I am working on a web API for the insurance industry and trying to work out a suitable data structure for the quoting of insurance.
The database already contains a "ratings" table which is basically:
sysID (PK, INT IDENTITY)
goods_type (VARCHAR(16))
suminsured_min (DECIMAL(9,2))
suminsured_max (DECIMAL(9,2))
percent_premium (DECIMAL(9,6))
[Unique Index on goods_type, suminsured_min and suminsured_max]
[edit] Each type of goods typically has 3 - 4 ranges for suminsured [/edit]

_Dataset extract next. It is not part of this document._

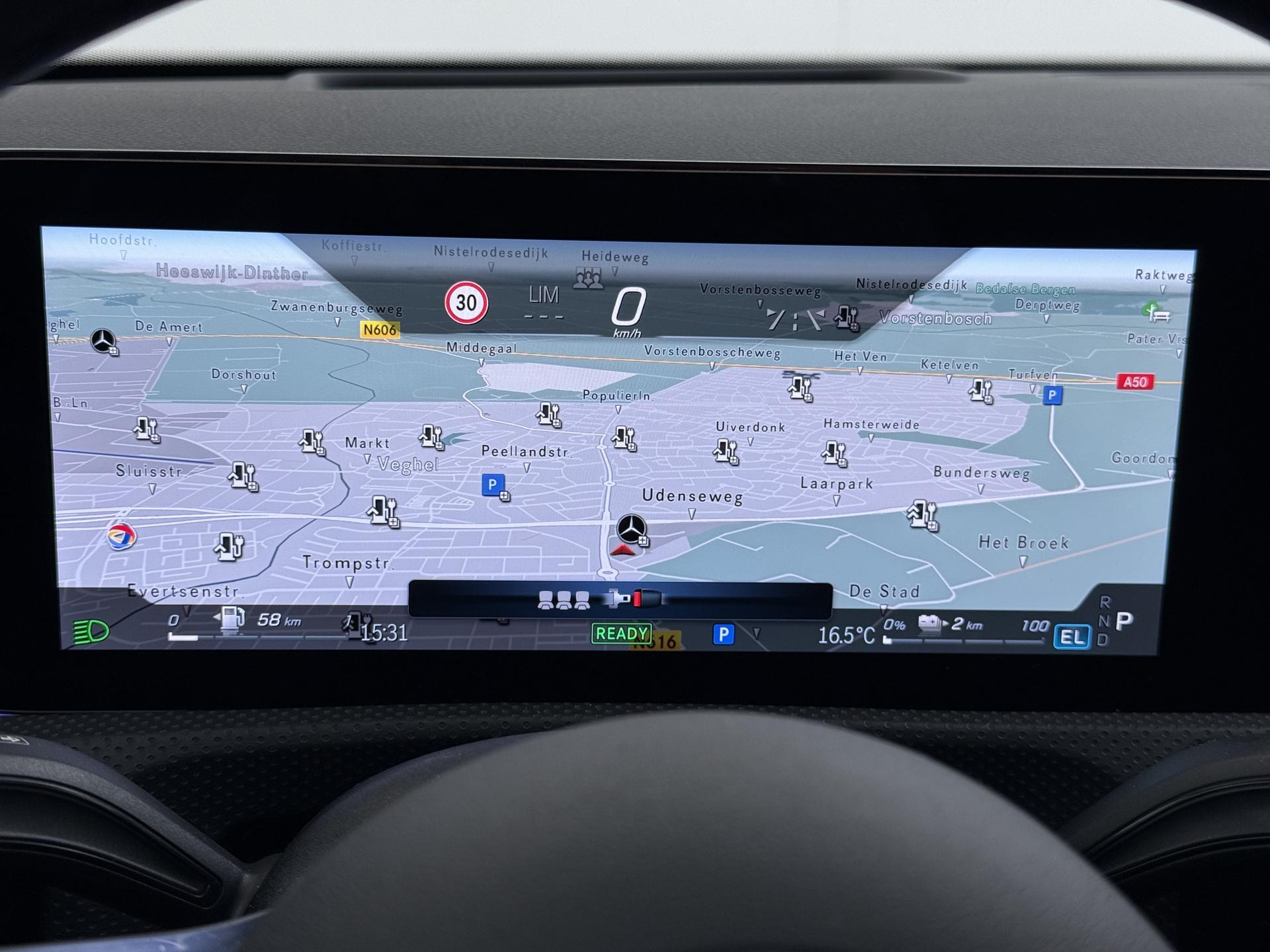 Mercedes-Benz CLA-Klasse Shooting Brake 250 e Business Solution AMG 34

The list of goods_types rarely changes and most queries for insurance will involve goods worth less than $100. Because of this, I was considering de-normalising using tables in the following format (for all values from $0.00 through to $100.00):
Table Name: tblRates[goodstype]
suminsured (DECIMAL(9,2)) Primary Key
premium (DECIMAL(9,2))
Denormalising this data should be easy to maintain as the rates are generally only updated once per month at most. All requests for values >$100 will always be looked up in the primary tables and calculated.
My question(s) are:
1. Am I better off storing the suminsured values as DECIMAL(9,2) or as a value in cents stored in a BIGINT?
2. This de-normalisation method involves storing 10,001 values ($0.00 to $100.00 in $0.01 increments) in possibly 20 tables. Is this likely to be more efficient than looking up the percent_premium and performing a calculation? - Or should I stick with the main tables and do the calculation?